Corina y Jacob han vivido siempre de la organización de robos de obras de arte. Cuando se dan por retirados de la profesión a causa de su edad avanzada y de la falta de ofertas, reciben un encargo imprevisto por parte de un mexicano libertino y de tendencias místicas que sueña con construir un prisma para ver el rostro de Dios. El encargo consiste en llevar a cabo el robo de las presuntas reliquias de los Reyes Magos que se conservan en la catedral alemana de Colonia.
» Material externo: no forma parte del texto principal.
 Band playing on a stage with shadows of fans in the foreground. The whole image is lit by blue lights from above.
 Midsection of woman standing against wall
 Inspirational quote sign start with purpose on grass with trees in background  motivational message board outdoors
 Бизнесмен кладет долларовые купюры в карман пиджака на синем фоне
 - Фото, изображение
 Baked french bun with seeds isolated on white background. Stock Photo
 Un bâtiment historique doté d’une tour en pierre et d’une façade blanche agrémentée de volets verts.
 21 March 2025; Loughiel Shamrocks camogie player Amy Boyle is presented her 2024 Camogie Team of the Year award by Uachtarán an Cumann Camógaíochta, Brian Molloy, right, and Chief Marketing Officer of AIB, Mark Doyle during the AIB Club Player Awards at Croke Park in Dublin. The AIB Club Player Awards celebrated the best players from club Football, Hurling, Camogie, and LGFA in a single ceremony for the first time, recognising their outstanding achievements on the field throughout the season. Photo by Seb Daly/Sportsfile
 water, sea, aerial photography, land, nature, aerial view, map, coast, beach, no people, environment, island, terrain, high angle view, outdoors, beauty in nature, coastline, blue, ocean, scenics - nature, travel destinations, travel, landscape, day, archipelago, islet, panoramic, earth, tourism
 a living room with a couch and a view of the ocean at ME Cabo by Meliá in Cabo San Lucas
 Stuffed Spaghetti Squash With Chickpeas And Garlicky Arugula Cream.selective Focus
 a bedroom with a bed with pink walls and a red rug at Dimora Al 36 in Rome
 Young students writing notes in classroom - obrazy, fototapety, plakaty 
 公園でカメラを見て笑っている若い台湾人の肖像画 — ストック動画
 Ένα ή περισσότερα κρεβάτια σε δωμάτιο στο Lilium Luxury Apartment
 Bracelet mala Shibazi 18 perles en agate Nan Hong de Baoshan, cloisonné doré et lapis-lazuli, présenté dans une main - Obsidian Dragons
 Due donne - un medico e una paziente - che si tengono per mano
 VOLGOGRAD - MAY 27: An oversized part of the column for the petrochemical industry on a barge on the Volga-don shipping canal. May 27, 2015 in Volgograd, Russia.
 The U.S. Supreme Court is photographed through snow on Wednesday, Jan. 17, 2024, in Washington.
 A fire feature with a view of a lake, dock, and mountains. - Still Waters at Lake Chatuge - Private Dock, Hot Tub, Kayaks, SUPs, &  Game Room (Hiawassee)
A partir de ahí, Benítez Reyes traza una parodia sutil, aunque hilarante y demoledora, de las novelas de intrigas esotéricas, de su truculencia y de sus peculiaridades descabelladas. Pero Mercado de espejismos trasciende la mera parodia para ofrecernos un diagnóstico de la fragilidad de nuestro pensamiento, de las trampas de la imaginación, de la necesidad de inventarnos la vida para que la vida adquiera realidad. Y es en ese ámbito psicológico donde adquiere un sentido inquietante esta historia repleta de giros sorprendentes y de final insospechado.
A través de una prosa envolvente y de una deslumbrante inventiva, Benítez Reyes nos conduce a un territorio de fascinaciones y apariencias, plagado de personajes insólitos y de situaciones inesperadas.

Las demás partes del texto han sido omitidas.